We were transitioning from a 2-line, 32-char LCD display to QVGA colour touch
screen and the experience was become painful. I really thought I had found a
much better alternative than the RTEMS, VxWorks, and Windows based options we
were looking at.

And then it seemed like everything fell apart. I don't actually remember if it
was Be Inc, or what I was working on and then where I was working that folded
first but for me it was like a very long line of falling dominoes resulting in
a lot of interesting and promising tech being abandoned.

Worse, after all the dust settled in my professional career, all that was
replaced with stuff with a lot more familiar names but that was more difficult
to get right.

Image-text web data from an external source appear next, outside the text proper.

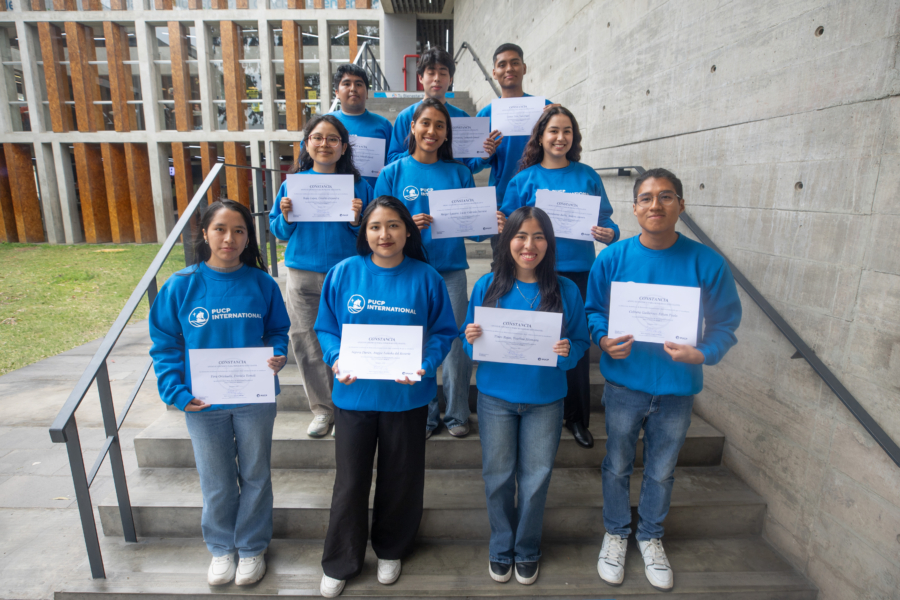 Becas-DARI-5-900×600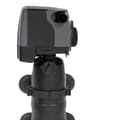 Miniatyrbild 2 av 4: Innerfilter UNI UVC 500 Svart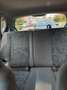 Daewoo Kalos 1.2 S - thumbnail 9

It pains me to even say it but I worked on four projects over
six or seven years that never made it out of R&D.

------
jwatte
I was on the BeOS team for many years. While we did many interesting things,
and especially kernel and driver layers were more modern than the
alternatives, Palm threw away those pieces. If I were to build (or fund) a new
OS today, I'd drive the state if the art forward.

Especially the GUI layer is too reliant on '80s style implementation
inheritance, rather than fast, strict protocols and minimal abstraction costs.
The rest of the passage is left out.